WHAT IS NEEDED: Please reproduce all of the data below exactly, leaving each picture out.

DATASET SECTION:
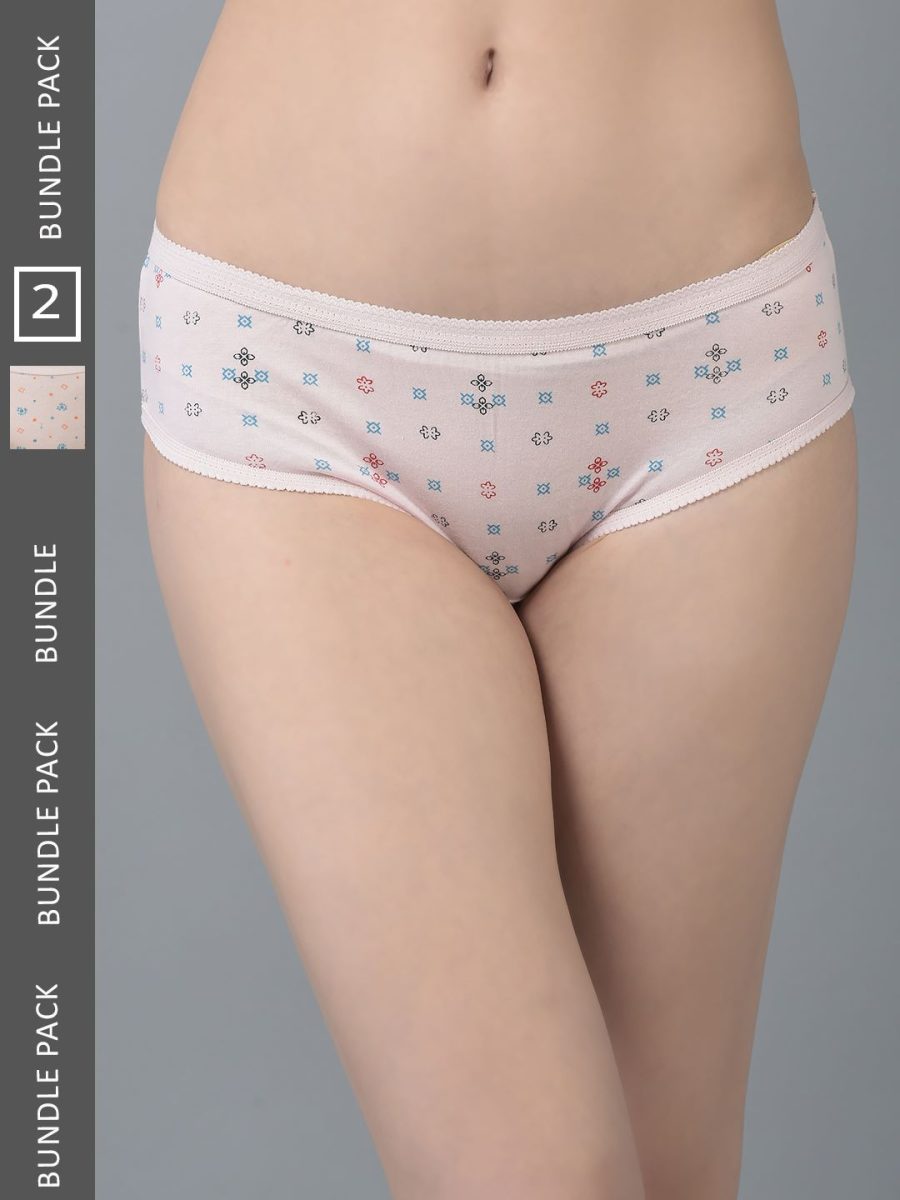 Dollar Missy Pack of 2 Women's Combed Cotton Light Printed Outer Elasticated Hipster Panty
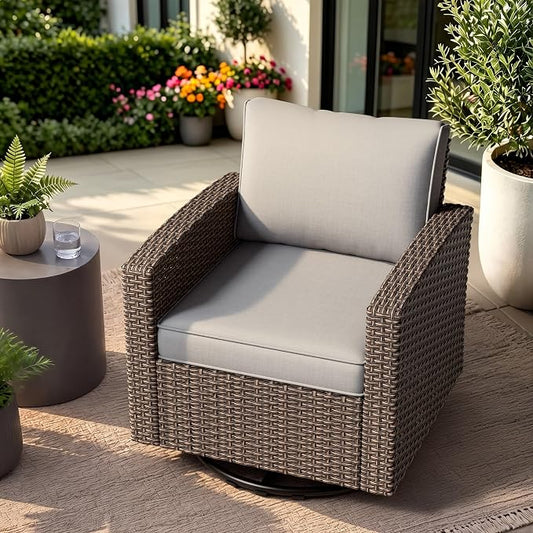 Patio Furniture Set - All-Weather - 1 Piece Wicker Outdoor Patio Conversation Set, Modular Rattan Sectional Sofa for Backyard, Garden, Patio, Poolside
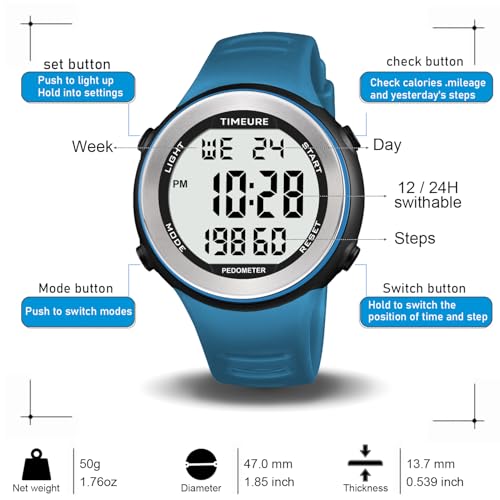 Pedometer Watch for Walking - No Charging, EL Backlight - Black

SOLUTION TO THE EXERCISE:
 Dollar Missy Pack of 2 Women's Combed Cotton Light Printed Outer Elasticated Hipster Panty
 Patio Furniture Set - All-Weather - 1 Piece Wicker Outdoor Patio Conversation Set, Modular Rattan Sectional Sofa for Backyard, Garden, Patio, Poolside
 Pedometer Watch for Walking - No Charging, EL Backlight - Black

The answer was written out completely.